● **Problem statement**: Within the listing that follows, reproduce exactly the lines starting at the line with "Plage des chalets de Gruissan en hiver" and ending at the line with "Double meat cheeseburger, pepper", inclusive, and only those. Pictures are dropped.

● **Data shown**:

_ _ _ _ _

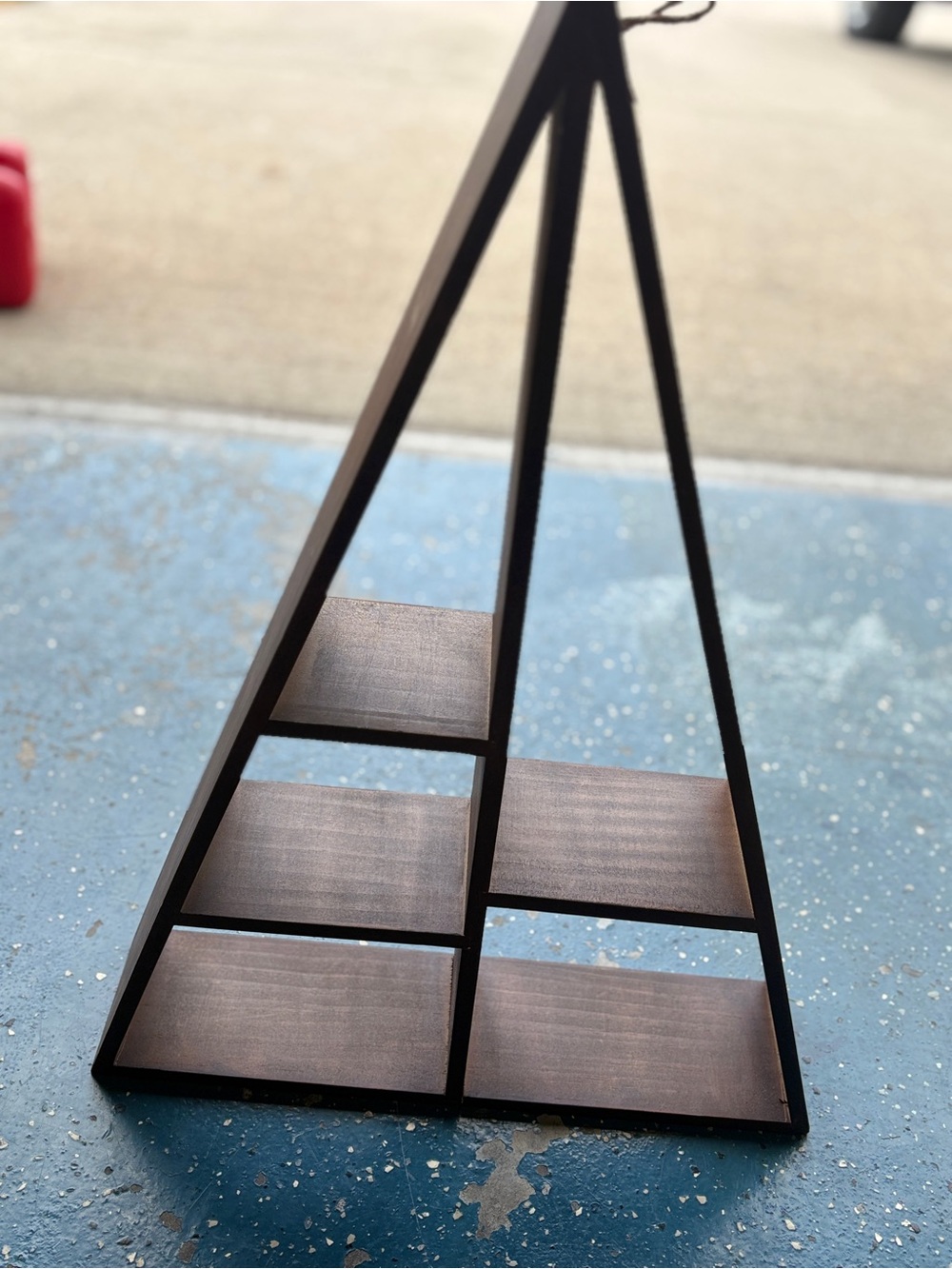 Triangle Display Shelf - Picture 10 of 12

_ _ _ _ _

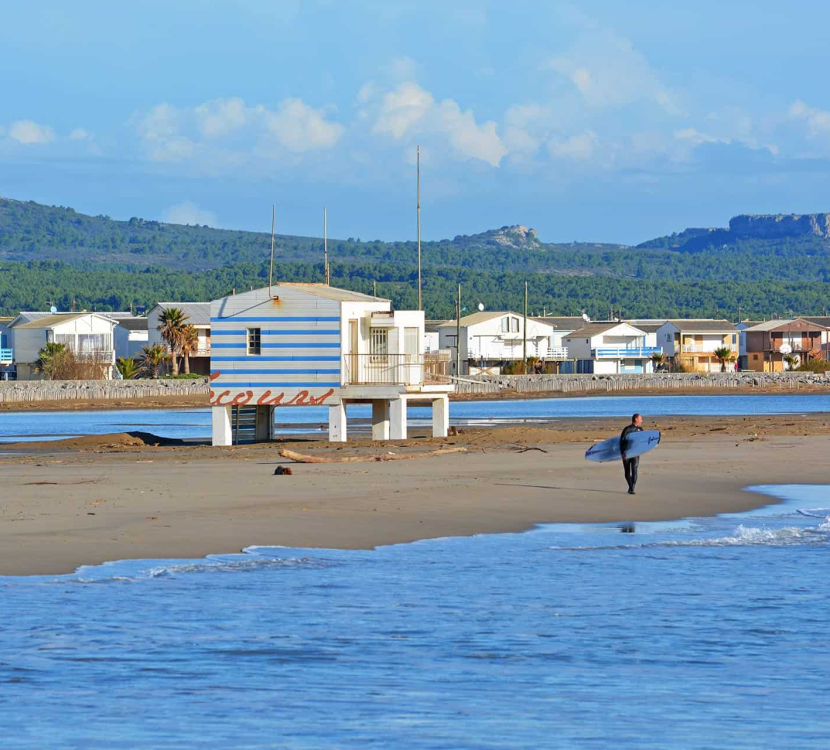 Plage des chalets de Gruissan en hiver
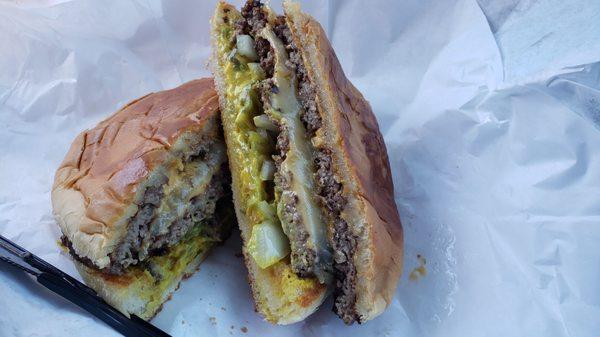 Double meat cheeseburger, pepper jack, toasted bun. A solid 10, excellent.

_ _ _ _ _

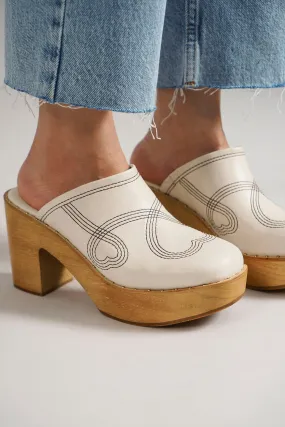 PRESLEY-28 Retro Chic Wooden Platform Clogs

_ _ _ _ _

● **Answer section**:
 Plage des chalets de Gruissan en hiver
 Double meat cheeseburger, pepper jack, toasted bun. A solid 10, excellent.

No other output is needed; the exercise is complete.